Question 1. (10)
- [4 points] Draw a clearly labeled suffix tree for the string dggddgg#.
- [6 points] Describe how you can use a suffix tree to find the Longest Common Substring of two strings in time linear in the lengths of the two strings.
Question 2. (15)
For the min radix priority search tree (RPST) with range [0,32),
- [8 points] Perform insert operation into an initially empty RPST in sequence with the following keys:(6,6), (9,17), (4,4), (17,1), (6,3), (21,7). Show each step. The elements x and y of a key (x, y) stand for the search and priority key values, respectively.
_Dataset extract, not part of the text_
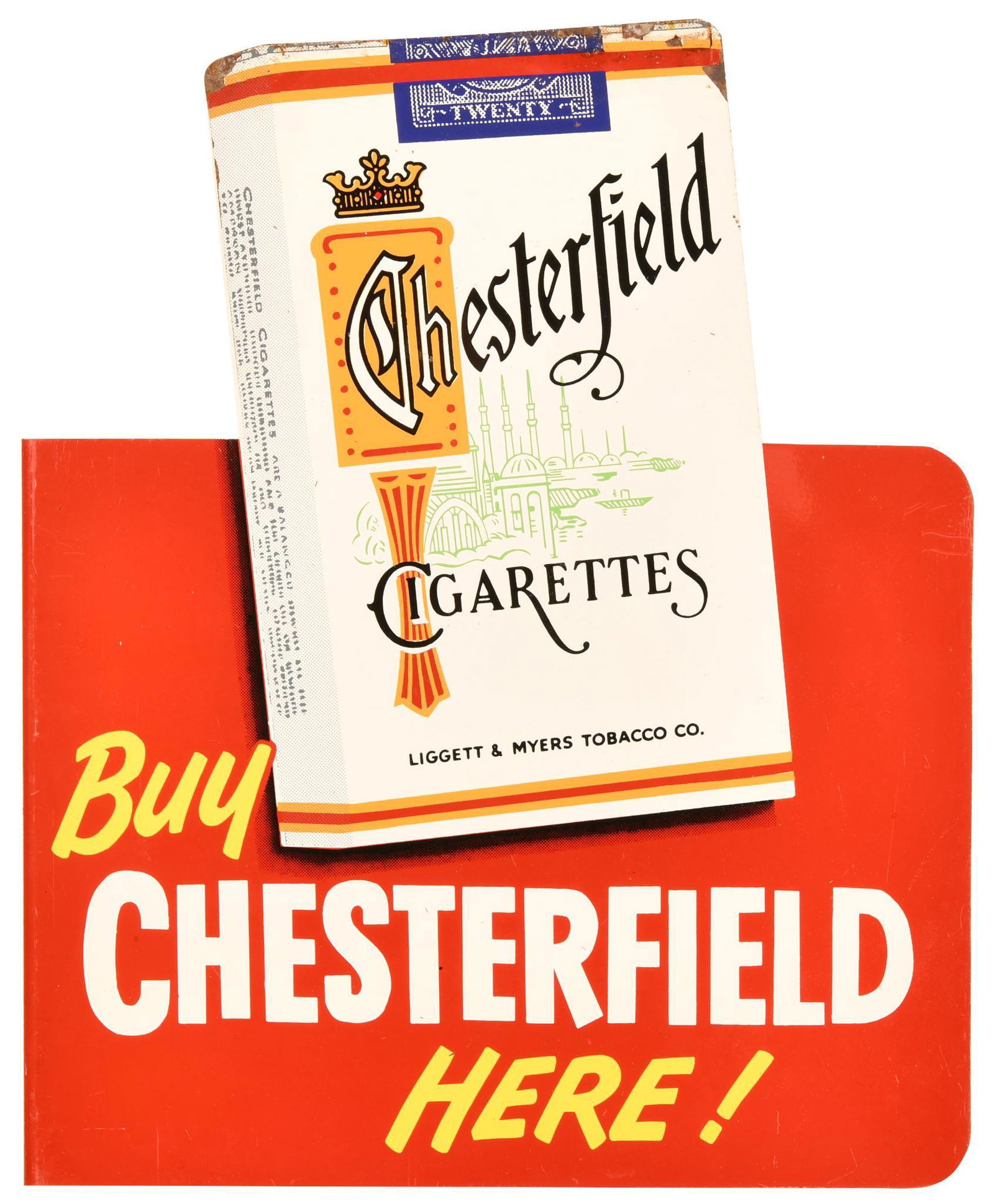 Buy L&M Filters Here! Cigarettes Metal Flange Sign (1 of 2)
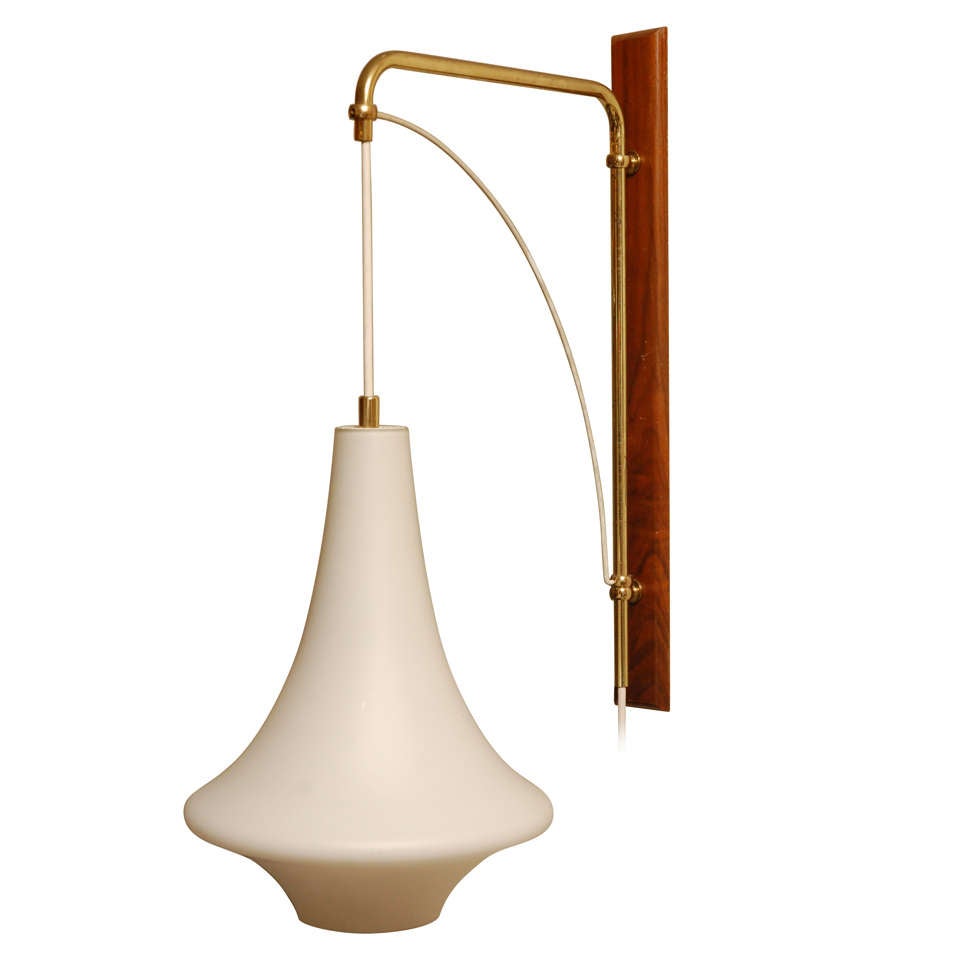 1960s Swing Arm Pendant Light at 1stDibs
- [7 points] Delete (6, 3) from the result RPST of part (a).
Question 3. (10)
Suppose that you are to design a Bloom filter with minimum P(u) and that
n = 100,000, m = 5000, and u = 1000.
- [5 points] Using any of the results obtained in the class, compute the number h, of hash functions to use. Show your computations.
- [5 points] Compute the probability, P(u), of a filter error when h has this value.
Question 4. (15)
Given n pairs of intervals (li, ri), i=1,2…n, and a query interval J = (l, r). In order to list all the intervals that overlap J, we have constructed an interval tree with the following properties:
Each node v has a value v.key and two subtrees v.left and v.right.
The interval tree is a binary search tree on the “key” values.
Intervals with ri < v.key are stored in the left subtree of v.
Intervals with li > v.key are stored in the right subtree of v.
Intervals with li <= v.key <= ri are stored in v.
Describe an efficient algorithm that returns all the intervals that intersect J using the above interval tree data structure.